** RECORDS FOR THIS EXERCISE follows **

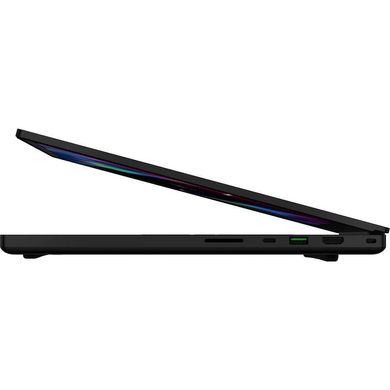 Ноутбук Razer Blade 15 Advanced (RZ09-03304E42-R3U1) фото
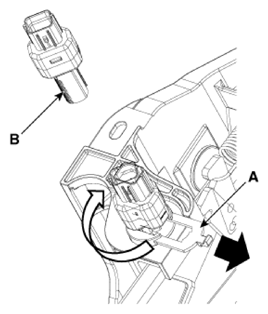 G12792481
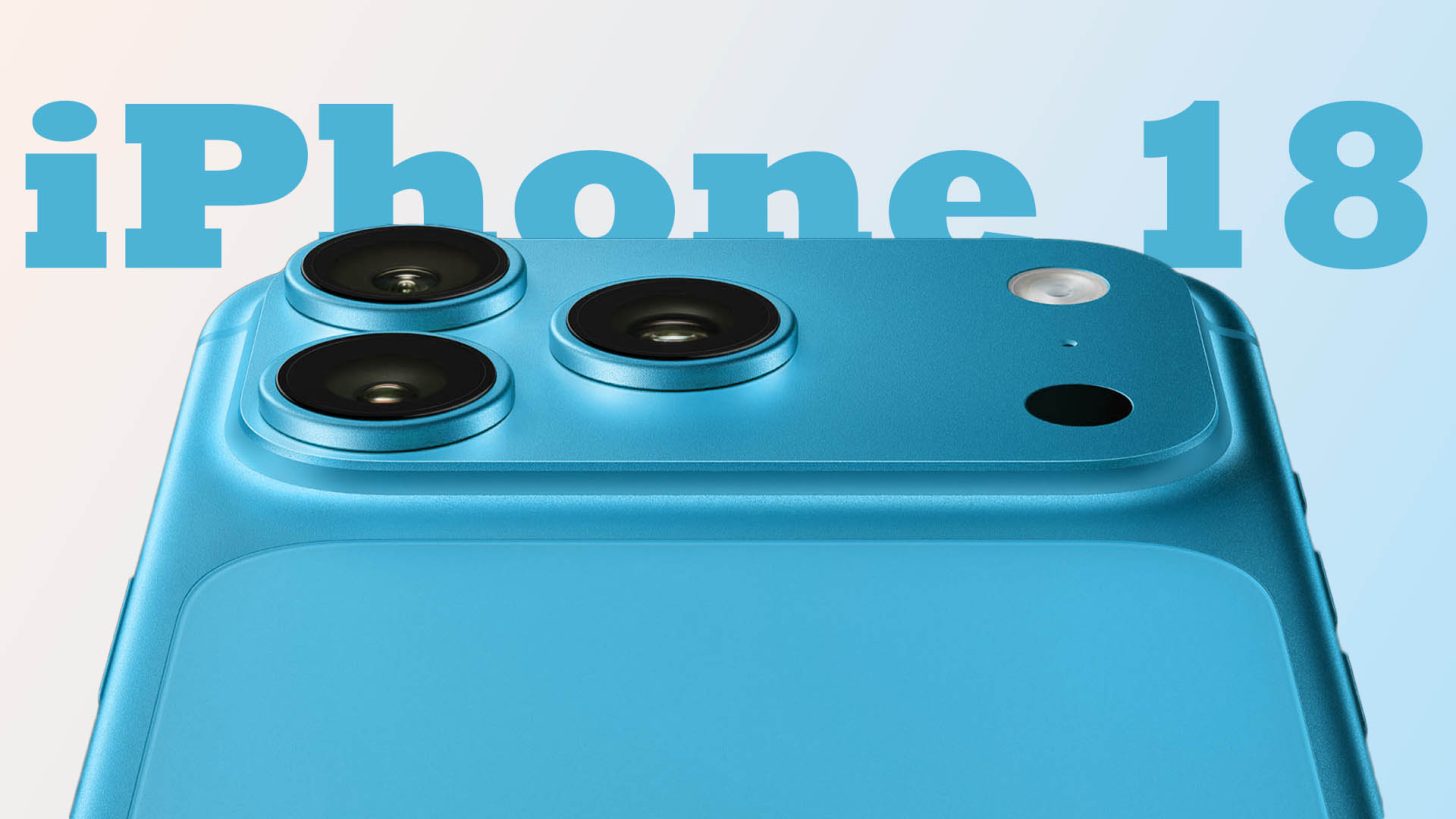 iPhone 18 Serisi Özellikleri, Fiyatı ve Çıkış Tarihi (2026)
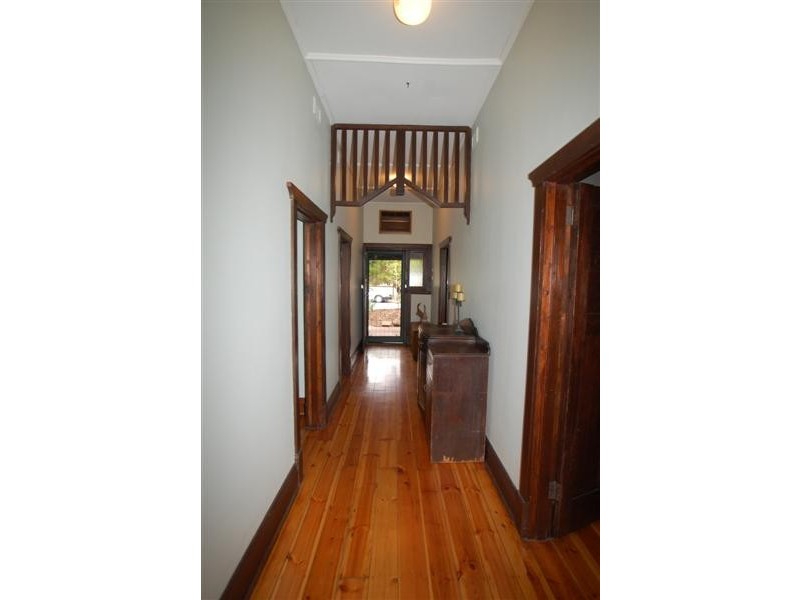 102 Day Terrace, West Croydon SA 5008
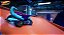 Hot Wheels Unleashed Challenge Accepted Edition - PS4 - Imagem 6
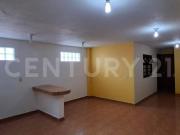 Departamento en Venta en Lomas de San Miguel, Atizapán,...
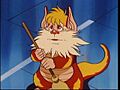 Screenshot Snarf
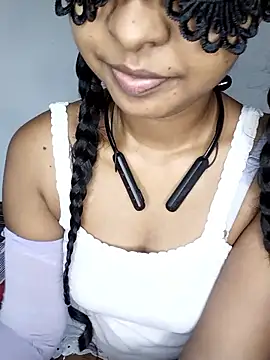 Ashugril hot online show from January 2026 05:12:02 AM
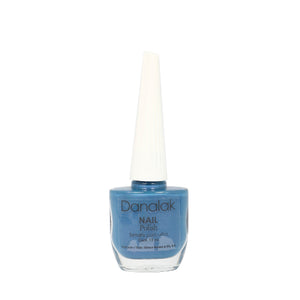 ESMALTE DANALAK 155 Costa Rica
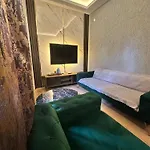 Vip Estambul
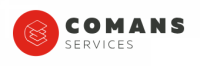 Comans services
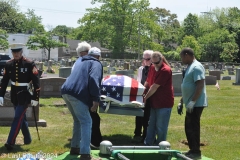 LOUIS-E.-CARR-U.S.-NAVY-LAST-SALUTE-5-21-24-19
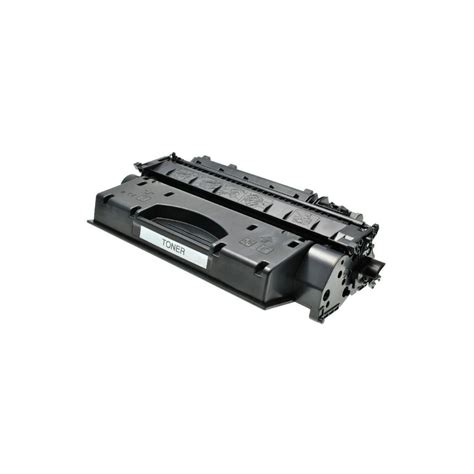 Kompatibel F R Canon I Sensys Lbp Dw B H Toner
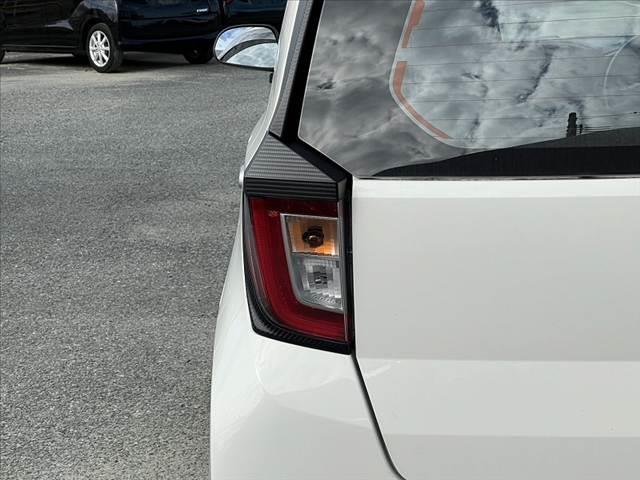 ミライース L アイドリングストップ 車検整備付 リモコンキー セキュリティアラーム エアバッグ ABS 横滑り防止 ハロゲンヘッドライト エアバッグ パワーウィンドウ パワーステアリング サンドバイザー マット(36枚目)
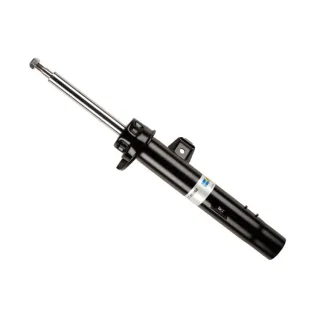 Bilstein Sto?d?mpfer B4 vorne rechts BMW Z4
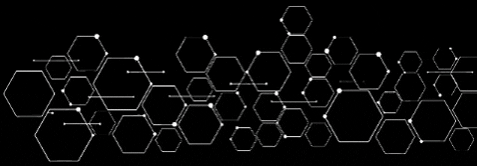 HIMSS giphygifmaker GIF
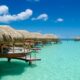 kepulauan-gili-surga-tropis-di-lombok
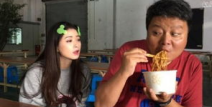 娱乐吃瓜剧组助理,助理视角下的剧组生活与明星幕后故事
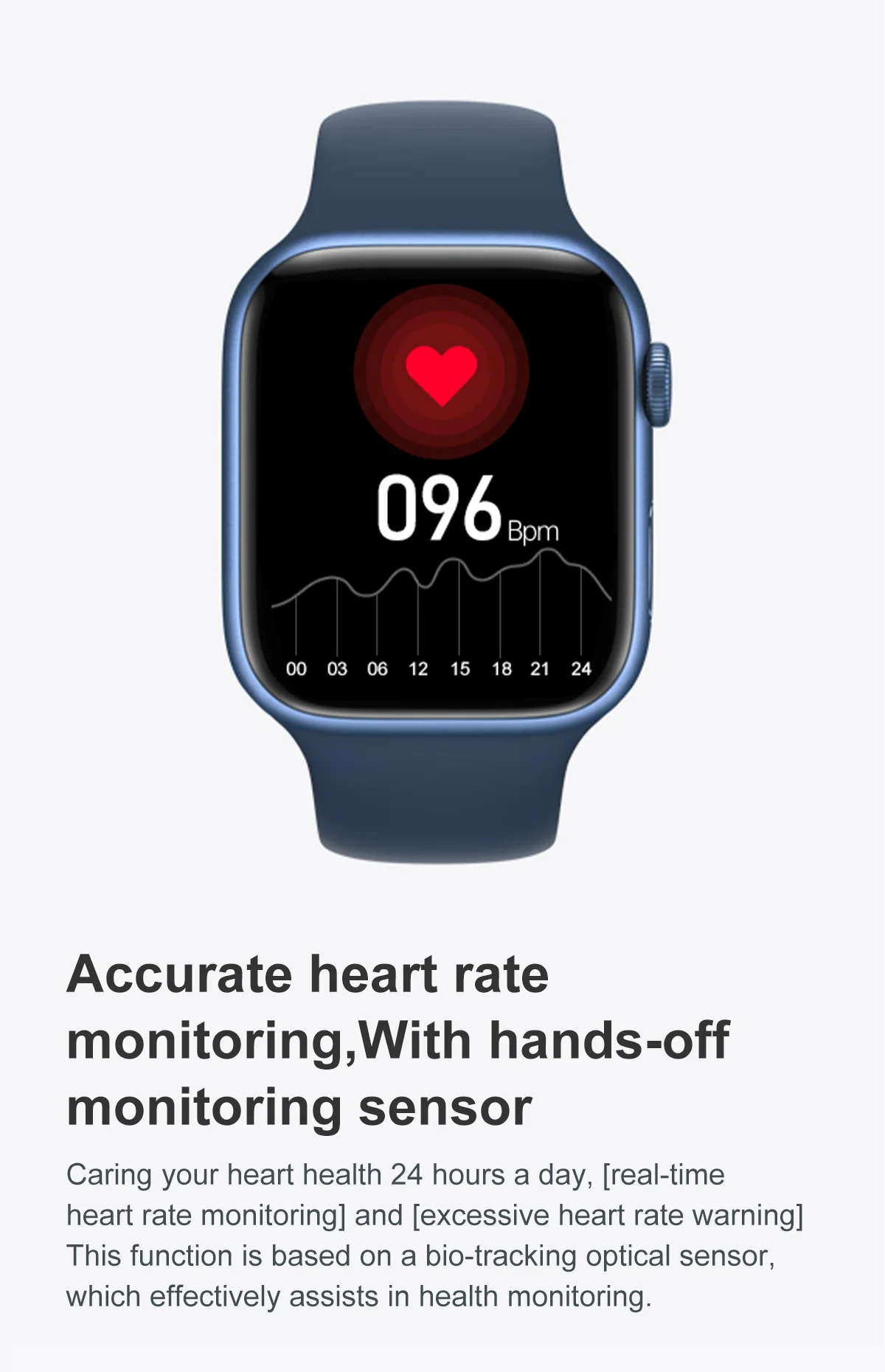 Оригинальные Смарт-часы DT7 Pro серии 7 2 кнопки GPS трекер Bluetooth Вызов Беспроводная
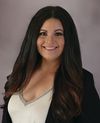 Profile photo of a State Farm Agent named: Stephanie Utter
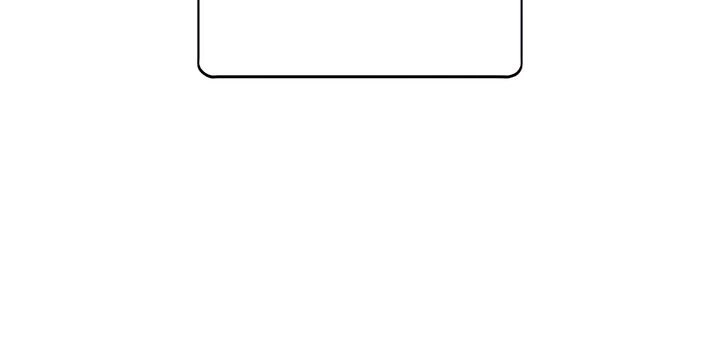 Live-In Son-in-Law - Chapter 22 [photo 3] - MangaPorn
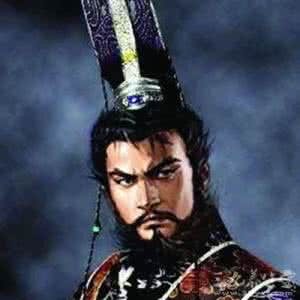 西楚霸王项羽 西楚霸王项羽 西楚霸王项羽与亚历山大大帝到底有什么差距?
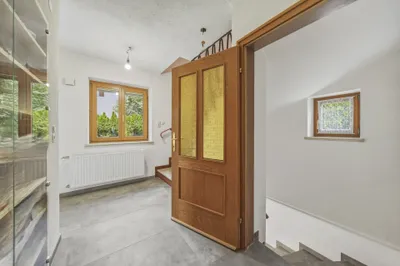 4-Zimmer-Haus kaufen in Innsbruck-Land – 123,74 m², € 1.250.000 – Bild 19 von 76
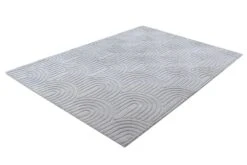 Mia Rug 9 Mia Rug -Furniture Sale Store mia rug rg18 cutout 02 web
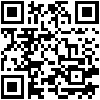 https://lib.uofallujah.edu.iq/ar/node/32689
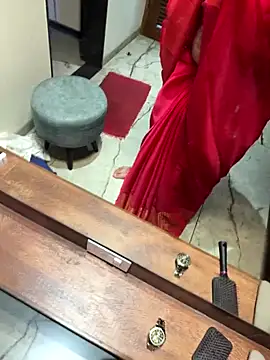 versatile guy01 online show from October 2025 03:06:02 AM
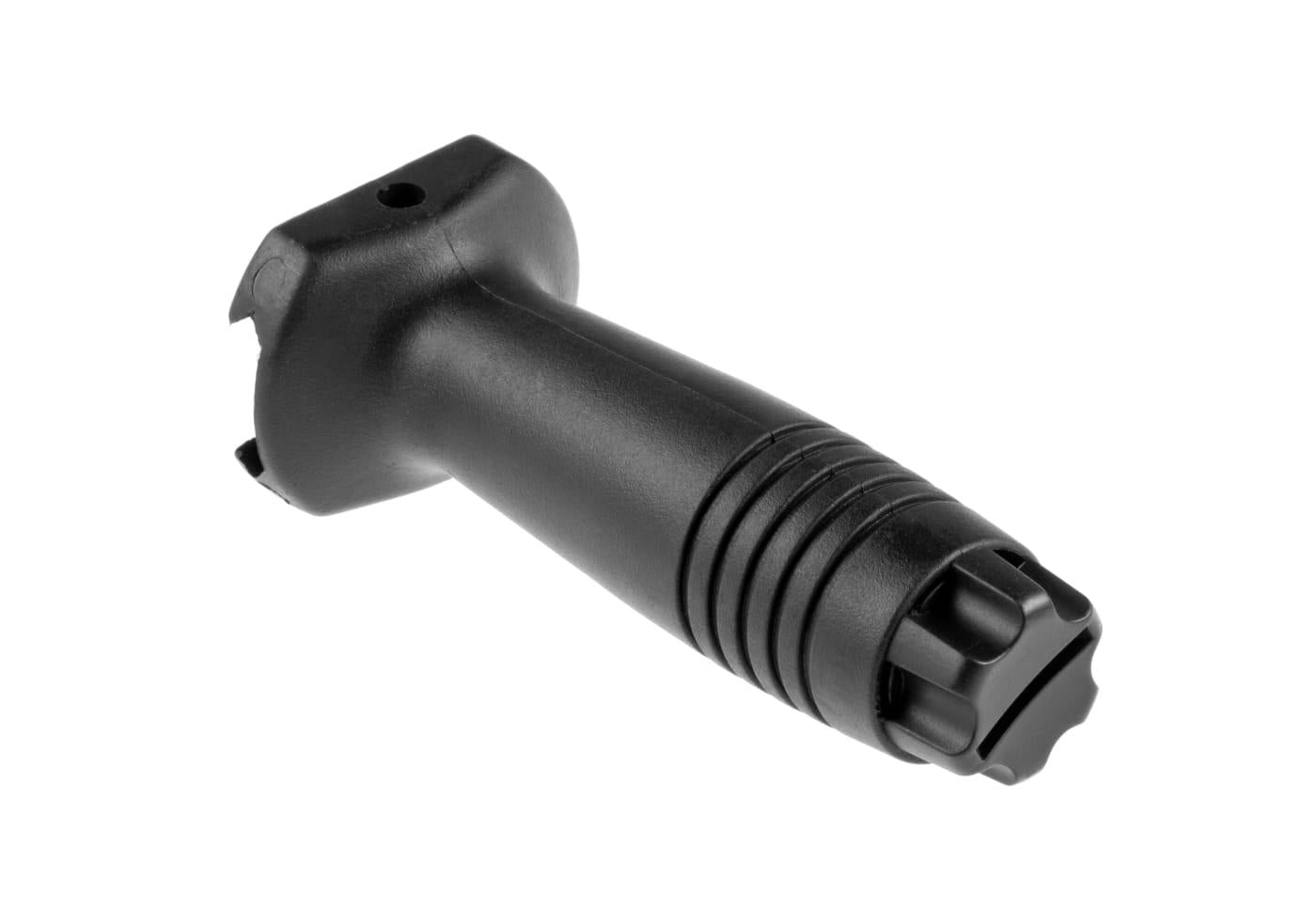 Pirate Arms Std Forward Grip Black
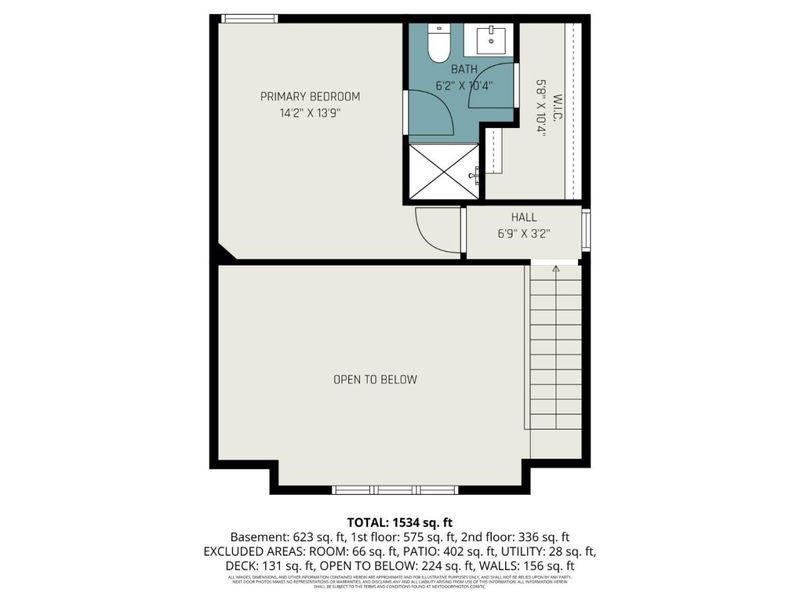 5532 Dunning Place, Cincinnati, OH 45227 Photo 27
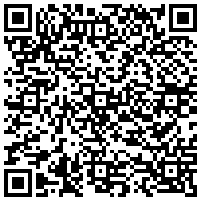 QR Code for bitcoin:bitcoin:bitcoin:bitcoin:bitcoin:bitcoin:bitcoin:bitcoin:bitcoin:bitcoin:litecoin:LcRzE47fX1fLPabeAxkYuVA8WGm5P9fbVb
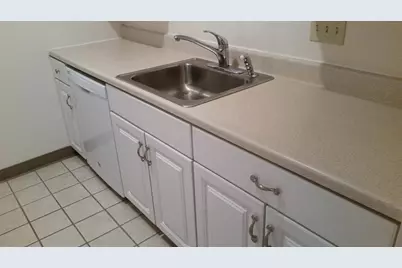 114 E 5th Street, Covington, KY 41011 - Photo 26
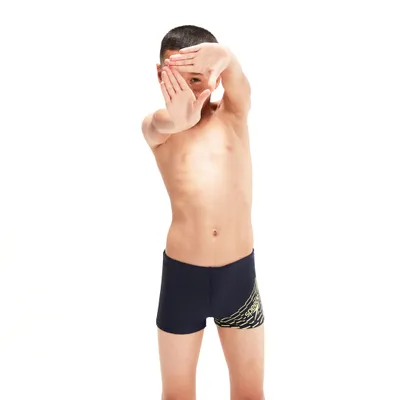 Immagine prodotto di Speedo MEDLEY LOG ASHT 6864 6864 164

** End of RECORDS FOR THIS EXERCISE **

- TO DO
Give again, please, precisely the lines that begin the records and run through the line with "Ashugril hot online" in it, keeping both end lines and dropping any pictures.

- WRITTEN SOLUTION
 Ноутбук Razer Blade 15 Advanced (RZ09-03304E42-R3U1) фото
 G12792481
 iPhone 18 Serisi Özellikleri, Fiyatı ve Çıkış Tarihi (2026)
 102 Day Terrace, West Croydon SA 5008
 Hot Wheels Unleashed Challenge Accepted Edition - PS4 - Imagem 6
 Departamento en Venta en Lomas de San Miguel, Atizapán,...
 Screenshot Snarf
 Ashugril hot online show from January 2026 05:12:02 AM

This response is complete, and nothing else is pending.